The hardest part of time management is knowing when you're done. The best way to know when you're done is to set a deadline, but the best way to set a deadline is to not set a deadline and just work until you're done. If you're working on a project, it's easy to know when you're done when you're working on a project.

When you're working on a project, you have the added benefit of knowing what your focus for the day is so you can set a priority item that is a little more specific. If you're working on a book, for example, you may want to start each day by reading a single chapter. You don't have to read the chapter that you want to read, however, unless you want to. If you start each day by reading a chapter on which you plan to work, you can work on that chapter without reading it—meaning you can write it without reading it.

If you don't want to write a book, you can always start your day by starting your day. The point is that you should start your day by starting your day.

Benefits of Time Management

The benefits of time management are not just that you're more productive, but that you're more productive in ways that make you more productive because you're more productive. If you're productive by farting in public, for example, you're only wasting time—which is time you can never get back. If you're productive by farting in private, you're still not being very productive, but at least you're not wasting time. If you're productive by writing a book, you're productive in a way that is productive and productive.

The Best Way to Be Productive

The best way to be productive is to wake up early, make your bed, check your calendar, make a to-do list, start your day by starting your day, set your next priority item and block it out on your calendar, check your email, and then go back to bed.

We're Farting in Public

We're farting in public so we can send you our book. If you liked this post, please tweet it to your followers.

Media Credits

Images seen in this article were created by: Pixabay (Pexels), Olya Kobruseva (Pexels), Anna Shvets (Pexels), Suzy Hazelwood (Pexels), Michaela S. (Pexels), Dziana Hasanbekava (Pexels)

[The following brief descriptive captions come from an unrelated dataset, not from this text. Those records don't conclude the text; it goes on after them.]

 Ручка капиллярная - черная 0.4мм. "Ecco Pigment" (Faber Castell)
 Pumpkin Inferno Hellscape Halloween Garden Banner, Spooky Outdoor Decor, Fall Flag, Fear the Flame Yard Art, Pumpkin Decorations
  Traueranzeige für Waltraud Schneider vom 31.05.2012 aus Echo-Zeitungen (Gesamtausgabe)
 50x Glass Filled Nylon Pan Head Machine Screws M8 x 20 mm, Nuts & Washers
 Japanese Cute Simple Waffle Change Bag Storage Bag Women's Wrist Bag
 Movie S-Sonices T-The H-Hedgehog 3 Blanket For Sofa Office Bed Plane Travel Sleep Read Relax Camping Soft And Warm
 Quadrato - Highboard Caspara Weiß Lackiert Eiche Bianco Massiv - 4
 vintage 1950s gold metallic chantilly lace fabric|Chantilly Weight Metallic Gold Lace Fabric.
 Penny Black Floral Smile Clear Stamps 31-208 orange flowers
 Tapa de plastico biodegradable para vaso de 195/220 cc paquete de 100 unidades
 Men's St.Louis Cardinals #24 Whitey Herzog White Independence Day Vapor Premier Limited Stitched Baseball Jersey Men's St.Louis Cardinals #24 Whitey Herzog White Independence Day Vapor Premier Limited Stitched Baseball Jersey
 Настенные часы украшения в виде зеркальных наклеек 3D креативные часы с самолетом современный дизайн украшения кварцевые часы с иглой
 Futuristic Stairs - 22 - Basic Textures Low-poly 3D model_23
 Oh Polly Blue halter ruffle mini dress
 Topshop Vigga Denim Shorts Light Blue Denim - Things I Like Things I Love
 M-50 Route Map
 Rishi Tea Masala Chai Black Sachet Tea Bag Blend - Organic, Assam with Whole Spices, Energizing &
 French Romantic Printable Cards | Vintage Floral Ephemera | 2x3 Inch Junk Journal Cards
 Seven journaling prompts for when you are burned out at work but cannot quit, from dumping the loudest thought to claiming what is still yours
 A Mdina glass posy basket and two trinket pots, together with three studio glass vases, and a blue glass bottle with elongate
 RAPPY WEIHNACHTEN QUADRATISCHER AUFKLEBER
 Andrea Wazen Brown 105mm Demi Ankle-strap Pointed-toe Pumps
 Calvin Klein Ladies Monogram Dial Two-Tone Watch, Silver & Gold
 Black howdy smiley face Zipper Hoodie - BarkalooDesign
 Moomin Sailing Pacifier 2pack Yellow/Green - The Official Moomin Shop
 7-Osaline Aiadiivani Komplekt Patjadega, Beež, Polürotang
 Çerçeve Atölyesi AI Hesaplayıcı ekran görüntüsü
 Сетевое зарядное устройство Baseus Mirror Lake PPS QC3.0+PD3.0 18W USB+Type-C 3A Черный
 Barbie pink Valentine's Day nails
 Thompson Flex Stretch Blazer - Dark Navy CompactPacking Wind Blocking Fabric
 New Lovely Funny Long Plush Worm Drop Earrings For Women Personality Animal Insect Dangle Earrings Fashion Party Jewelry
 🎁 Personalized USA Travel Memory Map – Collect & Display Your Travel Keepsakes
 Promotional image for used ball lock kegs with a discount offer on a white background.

Video clips used in this article's video were created by: Polina Kovaleva (Pexels), James Cheney (Pexels), cottonbro (Pexels), Artem Podrez (Pexels), Monstera (Pexels), Karolina Grabowska (Pexels), cottonbro (Pexels), cottonbro (Pexels), Ivan Samkov (Pexels), Ivan Samkov (Pexels), Ivan Samkov (Pexels), Mikhail Nilov (Pexels), ROMAN ODINTSOV (Pexels), Polina Kovaleva (Pexels), Polina Kovaleva (Pexels), ROMAN ODINTSOV (Pexels), Polina Kovaleva (Pexels), Polina Kovaleva (Pexels), Kelly L (Pexels), Tima Miroshnichenko (Pexels), KoolShooters (Pexels), Tima Miroshnichenko (Pexels), cottonbro (Pexels), RODNAE Productions (Pexels), Pavel Danilyuk (Pexels), Pat Whelen (Pexels), Anete Lusina (Pexels)

Lush Ultra, the music heard in this article's video, was created by SyncHits.